Die Leber ist für zahlreiche Stoffwechselvorgänge im Organismus mitverantwortlich. Ist die Leberfunktion gestört, kann es durchaus zu Verdauungsstörungen wie Erbrechen kommen. Eine Schädigung ist durch eine Vielzahl verschiedener Noxen möglich. Als mögliche Ursachen kommen bakterielle oder virale Infektionen, Vergiftungen, genetische (angeborene) Faktoren, Traumata und Schockzustände in Frage. Eine genaue Abklärung der Ursache ist daher notwendig. Generell gilt, neben der Verabreichung spezieller Medikamente, dass eine proteinarme Diät verfüttert wird, um die Ammoniakproduktion zu verringern, da die erkrankte Leber das anfallende Ammoniak nicht ausreichend beseitigen kann und die Gehirnfunktion beeinträchtigt wird.

Tumore

Wie beim Menschen kommen Krebserkrankungen des Verdauungstraktes (Magen, Darm, Leber, Bauchspeicheldrüse) leider auch bei unseren vierbeinigen Freunden relativ häufig vor. Durch spezielle Untersuchungen wie z. B. die bereits erwähnte Sonographie, Endoskopie oder Computertomographie ist meist eine genaue Diagnose möglich.
Wie bereits unter „akutes Erbrechen“ beschrieben, können Pankreatitis oder Parasiten auch zu chronischem Erbrechen führen.
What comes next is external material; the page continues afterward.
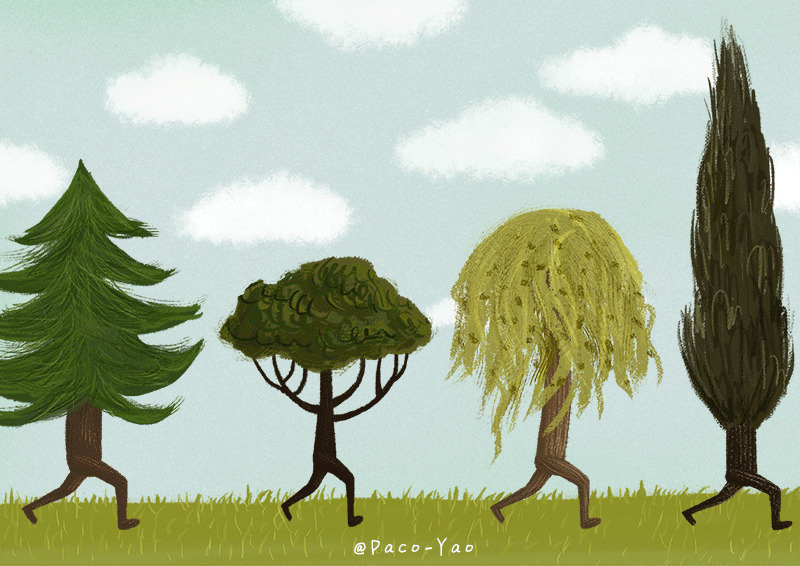 森林的树木奔跑动画图片:树木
Therapiemöglichkeiten bei Erbrechen

Akutes Erbrechen kann meistens konservativ behandelt werden. Bei Symptomen wie Fieber (Normaltemperatur: bis 39 Grad), Mattigkeit, Fressunlust oder Durchfall, Blutbeimengungen im Erbrochenen oder zunehmende Verschlechterung des Allgemeinzustandes Ihres Hundes, suchen Sie bitte umgehend einen Tierarzt auf.
Eine konservative Behandlung ist immer dann angezeigt, wenn der Allgemeinzustand nicht gestört, kein Fieber vorhanden und das Erbrechen akut aufgetreten ist. Bei einem Hund mit chronischem Erbrechen ist eine korrekte Diagnosestellung enorm wichtig für eine erfolgreiche Behandlung.

Bei einer konservativen Behandlung ist eine Nahrungskarenz von 12 bis 24 Stunden durchaus sinnvoll, um den gereizten Magendarmtrakt zu beruhigen. Wasser müssen Sie Ihrem Hund immer zur Verfügung stellen (auch wenn dadurch wiederum Brechreiz ausgelöst wird).

Sollte durch die Nahrungskarenz der Brechreiz nicht gelindert werden, ist ein Tierarztbesuch ratsam. Dem Tierarzt stehen eine Reihe von Medikamenten gegen Erbrechen zur Verfügung, die in Form von Tabletten, Tropfen, Lösungen oder Spritzen verabreicht werden. Des weiteren muss der Elektrolythaushalt wieder ins Gleichgewicht gebracht werden, wozu Infusionen nötig sind.

Sobald der Brechreiz behoben ist, kann begonnen werden, täglich mehrere kleine Portionen zu verfüttern, um den Magen nicht zu überlasten. Reis mit gekochtem Hühner- oder Putenfleisch und gekochten Karotten eignen sich gut als Aufbaudiät. Auch Trockenfutter in kleinen Portionen kann versucht werden. Eine Umstellung auf das gewohnte Futter sollte dann schrittweise über mehrere Tage erfolgen.